This would mean the binary compat vs source compat story is a bit better - add a companion apply method, and code compiled previously would pick up the implementation without a recompile.

There are some issues that make this non-trivial – jvm static method signatures can collide with instance methods, etc.

But it would help with the java interop story in general if more companion members were actually static elements on the class (with forwarders from the companion object instance). It would make it a lot easier to write wrapper-apis that allow java or other jvm languages to call Scala libraries, for example, or better, to share more of the api between a scala-idiomatic api and one that is meant for other jvm languages to use.

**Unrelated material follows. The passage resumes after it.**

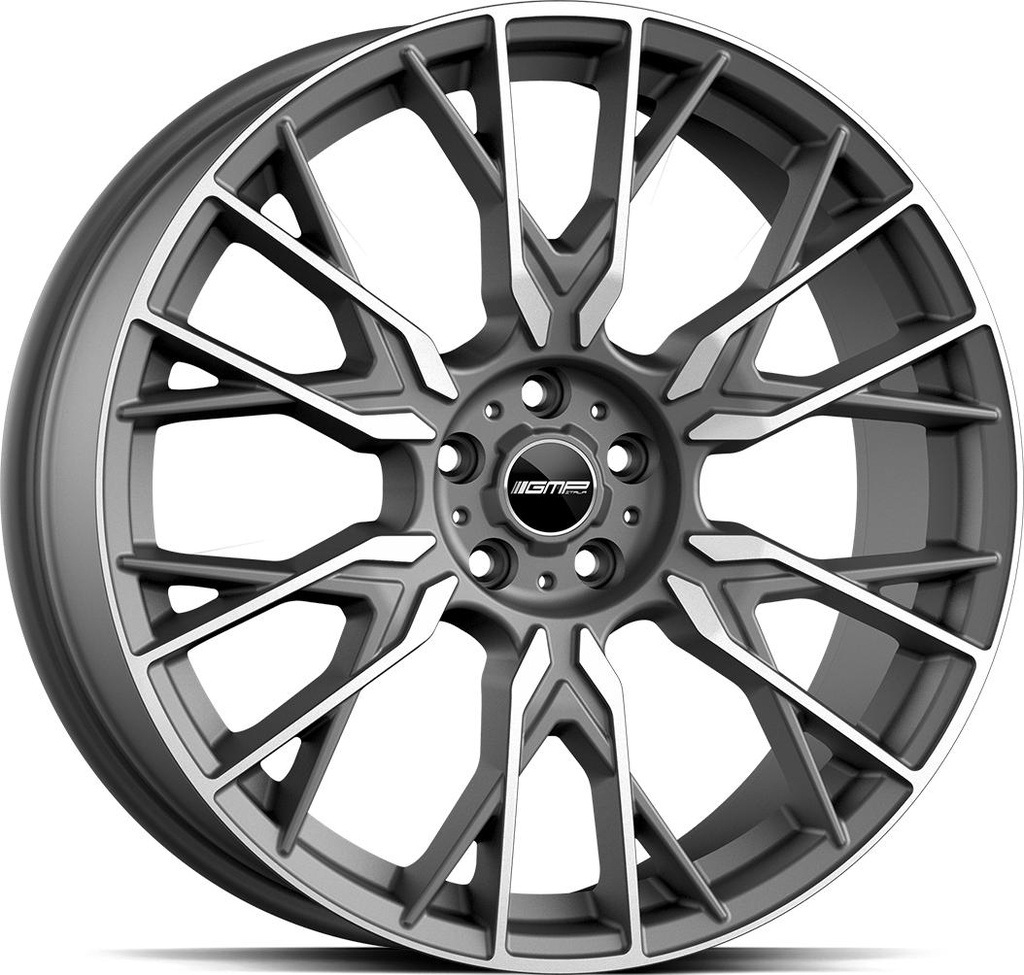 GMP FENDER MATT ANTHRACITE DIAM 9.5x20 5/112 ET40 CB66.6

There are drawbacks to any approach that ‘fixes’ this issue as well. Users might be surprised when suddenly new Animal("ant") is not the same as Animal("ant") when it was in previous versions of the library, so I fall back to most of my prior arguments – adding or modifying apply methods in your api contract has consequences and there is no free lunch. Either the behavior changes at link time or compile time, but there IS a change, and the library writer needs to be aware of what it is and communicate it to users.

In that sense, the current proposal is the simplest solution possible if one desires plain classes to not require ‘new’ to be used in the source code. All solutions have drawbacks, even the status-quo. There is wisdom in choosing the simple solution that doesn’t involve modifying the compiler back-end, and so I feel that this proposal has more positives than negatives.

1 Like

Static methods are inherited.

Why are these issues prohibitive for regular classes but not for case classes?

Right now it’s the other way around. A static method on the class forwards to the instance method of the companion object. I think it’s important that the implementation is in the instance method because objects in Scala can inherit from classes and traits.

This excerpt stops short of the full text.